Commonly, after trial component implantation, it becomes necessary to undertake a percutaneous Achilles lengthening to obtain adequate ankle dorsiflexion. In addition, any residual minor hindfoot varus or valgus can be addressed with a calcaneal osteotomy.

If there is a varus deformity of the hindfoot, it is important to remember that its origin maybe secondary to a plantarflexed first ray. In such a case, a dorsal closing-wedge osteotomy through the medial column must be performed in order to protect the ankle replacement from asymmetrical loading. Often, it is necessary to perform both hindfoot and forefoot osteotomies to achieve a plantigrade foot. Rarely is it necessary to address extra-articular varus or valgus deformity above the ankle joint with a supramalleolar osteotomy, plafondplasty and medial or lateral ligament reconstruction.

It is important to recognise with ankle arthroplasty surgery that implantation of the ankle replacement is only one step in a critical sequence. It is crucial to correct the underlying bony deformity and ligament insufficiency, to obtain a balance of forces across the ankle.

11.4. Outcomes

Ankle replacement is gaining popularity amongst patients due to the main advantage of retaining ankle motion. In a study of 197 patients, the average one-year postoperative total sagittal-plane motion of the ankle and foot, recorded with radiographic parameters, was 25.9°, with 68% arising from the ankle prosthesis and the remaining motion arising from the hindfoot.48 Indeed, in comparison to ankle fusion, ankle replacement offers increased average gait velocity by improving stride length and cadence.49

Studies into implant survival rates have shown acceptable longevity, including over 70% survivorship of STAR ankle replacements at an average of fifteen years.50,51 Hoffman KJ et al.52 reported 97% implant survival at a mean of 5.2 years with the fixed-bearing Salto-Talaris prosthesis.

In a comparative study of 321 patients (232 ankle replacements and 89 ankle arthrodesis procedures), with a mean follow up of 5.5 years, ankle arthrodesis patients had a re-operation rate of 7% compared to 17% in ankle arthroplasty patients. The rate of major complications was also higher in patients who had undergone arthroplasty (19%) compared with those who had had an arthrodesis (7%). However, patients in the ankle arthroplasty group reported better functional outcomes in terms of pain and disability scores.53 A systematic review by Haddad SL et al.54 demonstrated that the intermediate outcomes of ankle arthroplasty were similar to those of ankle arthrodesis, however high level evidence was lacking. Recently, a retrospective, cross-sectional cohort study, comparing the clinical outcomes of total ankle replacement, arthroscopic ankle arthrodesis and open ankle arthrodesis in patients with non-deformed, isolated, end stage ankle arthritis revealed comparable clinical outcomes. It also found that although the revision rates were similar for all three groups, the total ankle replacement group required significantly more additional surgical procedures.55

11.5. Complications

Complications reported with ankle arthroplasty include intra-operative and post-operative fractures, infection, wound healing problems, aseptic loosening and osteolysis, chronic pain, soft tissue injury (nerve or tendon), thromboembolism, complex regional pain syndrome and amputation.56

The incidence of medial malleolar fracture is approximately 9.7%, while that of lateral malleolus fracture is much less common (1.4%).43 Intra-operative fractures of the medial malleolus should be secured with screws whilst lateral malleolar fractures require a separate surgical approach to undertake plate and screw fixation. This is particularly important to avoid early implant subsidence and migration.57 Early post-operative fractures (within four months) are rare on the lateral side and can usually be treated with a boot or a cast, whereas medial malleolar fractures should most often undergo internal fixation. Late post-operative fractures of either malleoli are usually stress fractures and need fixation.

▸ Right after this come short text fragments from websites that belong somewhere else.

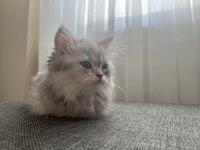 İlk yavru kedimiz babalık hakkımı veriyorum
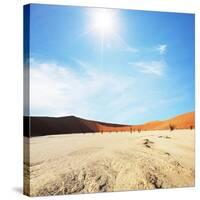 Dead Valley in Namibia-Andrushko Galyna-Stretched Canvas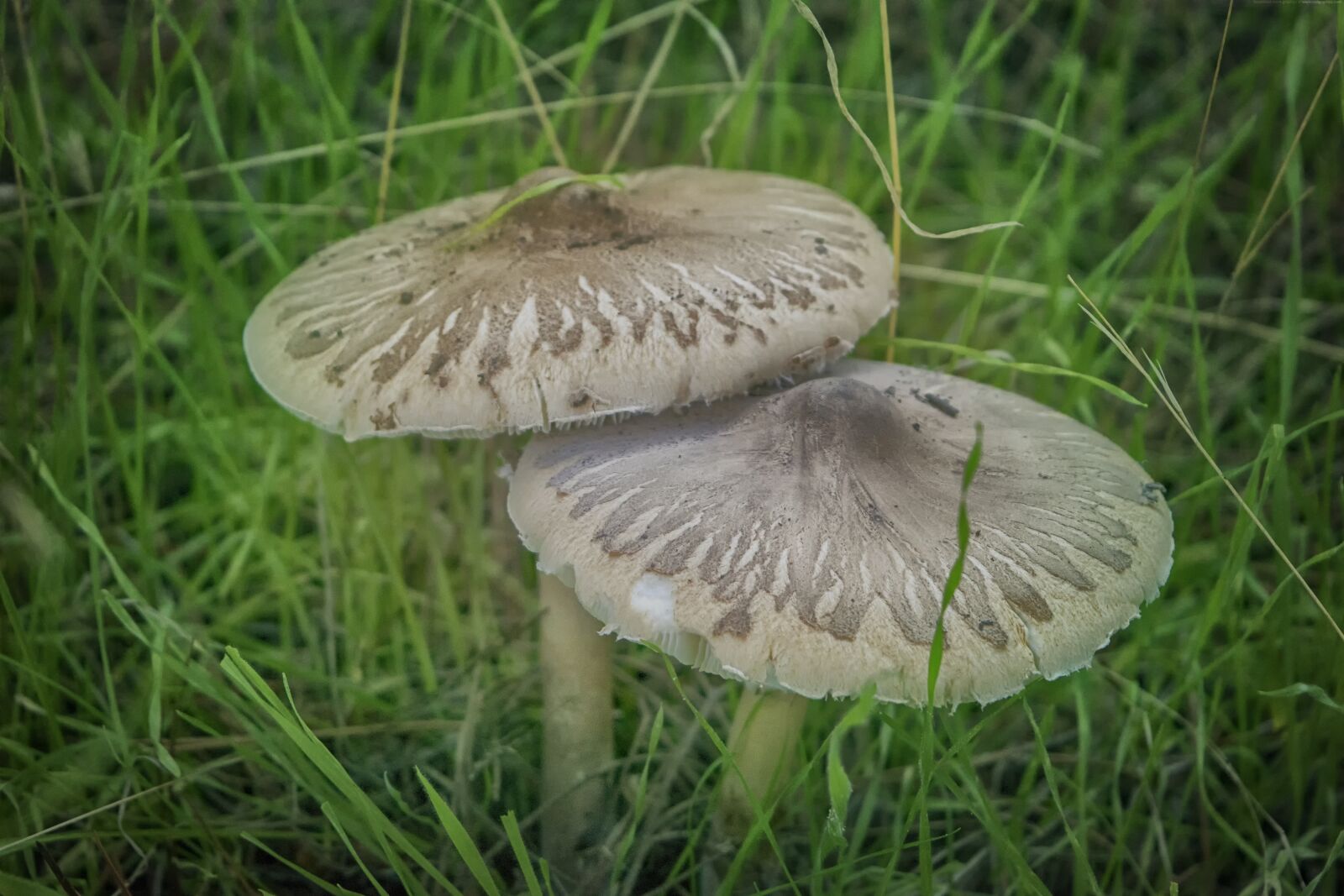 Nikon D3300 sample photo. Mushrooms, forest, autumn photography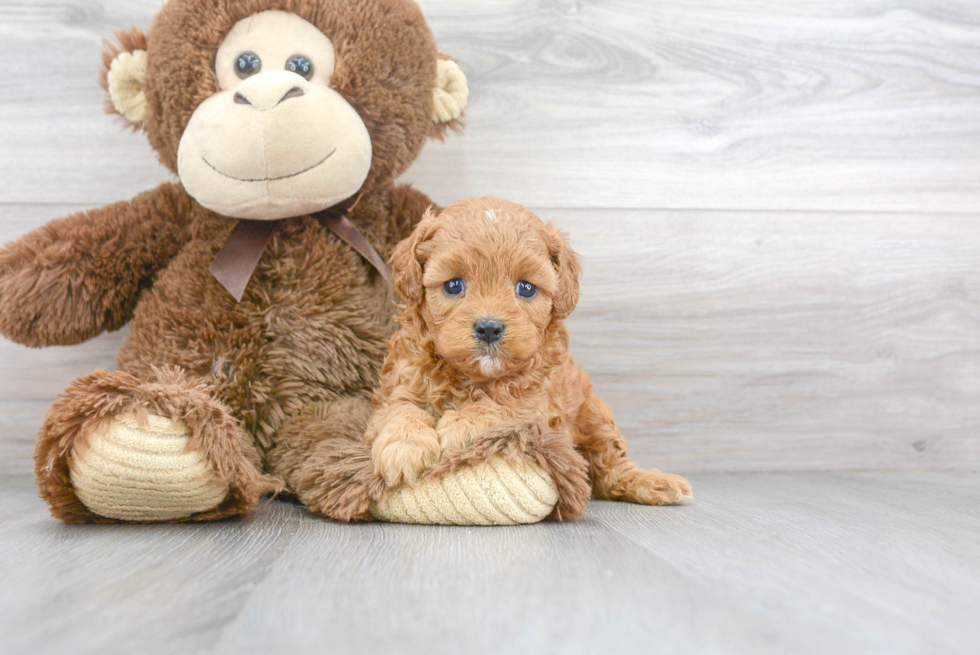 Cavapoo Puppy for Adoption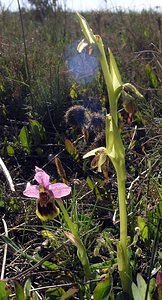 Ophrys tenthredinifera (Orchidaceae)  - Ophrys tenthrède Haut-Ampurdan [Espagne] 17/04/2005 - 10m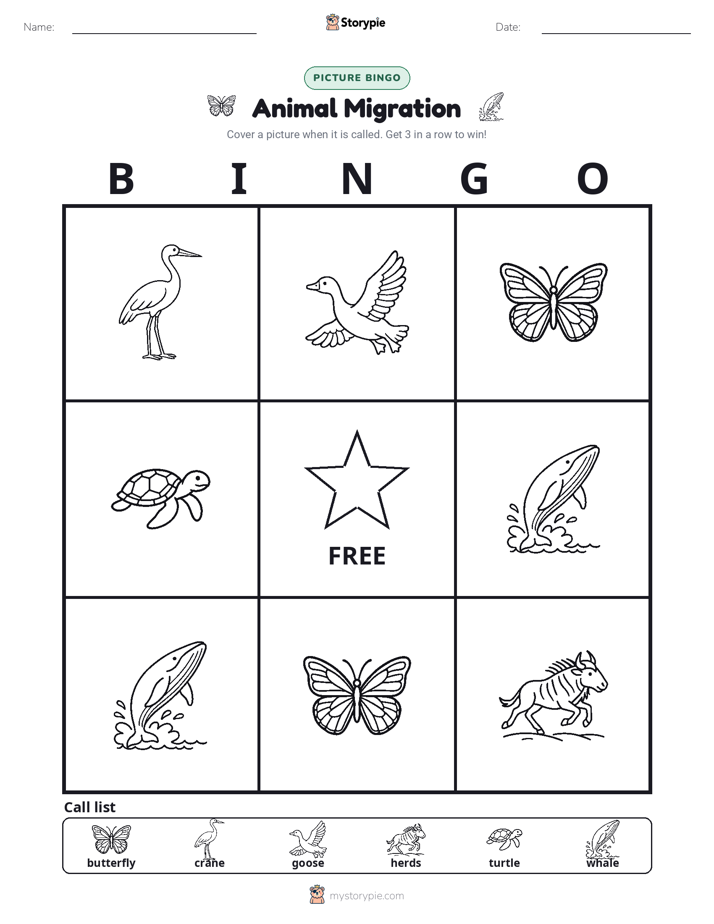 Picture Bingo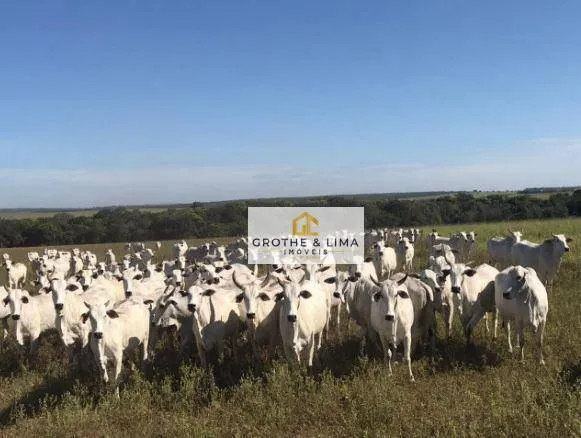 Fazenda à venda de 18.653 ha em Araguaína, TO, Brasil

Wound healing complications account for 1–14% of all complications.43 Particular risk factors for this include diabetes mellitus, rheumatoid arthritis, immunosuppression, obesity, poor tissue handling and extensive use of self-retaining retractors. The reported rate of superficial infection ranges from 1 to 4%, however with superficial infection there is always concern about a subsequent prosthetic joint infection. The incidence of a deep periprosthetic infection is approximately 0.5%, and this usually necessitates implant removal with staged revision joint replacement, implantation of permanent antibiotic spacers, arthrodesis or a trans-tibial amputation.43,58

Regular follow-up and surveillance for the delayed complication of aseptic loosening is important. Reported incidence ranges from 3 to 19%. Particular risk factors for osteolysis and aseptic loosening include mal-alignment of the hindfoot, poor prosthesis alignment and polyethylene component incongruity.43 Management options commonly include conversion to ankle arthrodesis, although revision arthroplasty using modular stemmed components is gaining popularity. Hintermann B et al.59 looked at 117 revision arthroplasties that were carried out for a failed total ankle replacement. They reported an 83% survival rate at the 6 year follow up stage, where recurrent component loosening was taken as the end-point.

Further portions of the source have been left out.